■ Exercise aim ■
Please filter the data down to the lines that include the word "Mini" and copy them.

(Recorded information Opens)

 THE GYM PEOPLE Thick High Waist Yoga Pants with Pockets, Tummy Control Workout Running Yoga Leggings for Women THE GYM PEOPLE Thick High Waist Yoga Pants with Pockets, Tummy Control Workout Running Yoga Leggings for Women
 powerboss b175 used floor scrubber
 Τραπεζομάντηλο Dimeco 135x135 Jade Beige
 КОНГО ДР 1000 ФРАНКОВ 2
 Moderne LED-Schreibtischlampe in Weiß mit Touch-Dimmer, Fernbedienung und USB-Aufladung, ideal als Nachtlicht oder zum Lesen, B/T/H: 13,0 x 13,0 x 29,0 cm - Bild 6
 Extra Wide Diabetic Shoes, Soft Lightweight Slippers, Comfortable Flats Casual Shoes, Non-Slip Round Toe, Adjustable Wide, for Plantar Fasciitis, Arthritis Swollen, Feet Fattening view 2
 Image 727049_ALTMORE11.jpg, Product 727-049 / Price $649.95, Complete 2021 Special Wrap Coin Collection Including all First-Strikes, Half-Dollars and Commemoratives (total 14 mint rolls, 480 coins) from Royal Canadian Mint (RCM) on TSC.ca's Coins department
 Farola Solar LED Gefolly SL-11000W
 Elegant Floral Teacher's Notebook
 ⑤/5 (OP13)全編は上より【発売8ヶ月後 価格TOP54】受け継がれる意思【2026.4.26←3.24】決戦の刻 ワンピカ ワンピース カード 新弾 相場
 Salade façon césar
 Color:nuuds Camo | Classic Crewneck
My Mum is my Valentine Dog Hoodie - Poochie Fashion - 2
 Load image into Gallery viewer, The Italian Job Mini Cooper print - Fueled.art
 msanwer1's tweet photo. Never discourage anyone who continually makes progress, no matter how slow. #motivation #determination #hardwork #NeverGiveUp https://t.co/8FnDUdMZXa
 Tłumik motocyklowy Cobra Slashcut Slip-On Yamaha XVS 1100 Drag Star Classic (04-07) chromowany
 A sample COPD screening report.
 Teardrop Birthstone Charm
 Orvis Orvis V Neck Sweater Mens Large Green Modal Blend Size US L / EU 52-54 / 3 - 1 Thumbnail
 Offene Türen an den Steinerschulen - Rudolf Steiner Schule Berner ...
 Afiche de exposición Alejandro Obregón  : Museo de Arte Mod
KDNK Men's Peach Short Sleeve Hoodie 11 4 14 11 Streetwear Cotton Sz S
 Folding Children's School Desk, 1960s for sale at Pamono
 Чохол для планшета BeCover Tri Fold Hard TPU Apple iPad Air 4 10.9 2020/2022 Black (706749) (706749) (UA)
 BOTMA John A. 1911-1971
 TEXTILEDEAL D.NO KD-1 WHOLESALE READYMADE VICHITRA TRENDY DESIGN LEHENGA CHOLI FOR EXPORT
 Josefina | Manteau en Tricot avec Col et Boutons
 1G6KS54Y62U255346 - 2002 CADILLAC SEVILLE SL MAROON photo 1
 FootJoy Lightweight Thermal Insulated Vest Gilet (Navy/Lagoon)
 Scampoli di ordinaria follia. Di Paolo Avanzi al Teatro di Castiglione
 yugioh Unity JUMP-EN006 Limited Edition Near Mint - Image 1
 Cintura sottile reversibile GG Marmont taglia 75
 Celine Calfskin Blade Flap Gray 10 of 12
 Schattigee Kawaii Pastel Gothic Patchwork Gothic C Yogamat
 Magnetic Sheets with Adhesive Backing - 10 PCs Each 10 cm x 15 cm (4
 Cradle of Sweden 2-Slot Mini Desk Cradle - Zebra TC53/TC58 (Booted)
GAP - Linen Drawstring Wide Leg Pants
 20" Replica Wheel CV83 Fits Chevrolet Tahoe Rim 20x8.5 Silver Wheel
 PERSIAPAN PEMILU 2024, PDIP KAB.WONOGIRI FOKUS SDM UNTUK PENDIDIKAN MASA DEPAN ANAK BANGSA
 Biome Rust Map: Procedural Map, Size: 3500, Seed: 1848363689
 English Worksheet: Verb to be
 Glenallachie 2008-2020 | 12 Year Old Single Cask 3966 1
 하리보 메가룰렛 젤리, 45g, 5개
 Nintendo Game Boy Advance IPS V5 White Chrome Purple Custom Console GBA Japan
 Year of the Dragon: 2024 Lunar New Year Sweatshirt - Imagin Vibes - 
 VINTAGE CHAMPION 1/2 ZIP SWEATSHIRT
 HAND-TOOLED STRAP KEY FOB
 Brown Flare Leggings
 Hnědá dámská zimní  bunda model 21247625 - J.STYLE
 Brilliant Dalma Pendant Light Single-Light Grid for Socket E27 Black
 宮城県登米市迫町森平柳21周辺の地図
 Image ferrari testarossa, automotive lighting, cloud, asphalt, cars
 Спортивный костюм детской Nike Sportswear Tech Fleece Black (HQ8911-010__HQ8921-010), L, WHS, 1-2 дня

(Recorded information Closes)

■ Solution to this problem ■
 Load image into Gallery viewer, The Italian Job Mini Cooper print - Fueled.art
 Cradle of Sweden 2-Slot Mini Desk Cradle - Zebra TC53/TC58 (Booted)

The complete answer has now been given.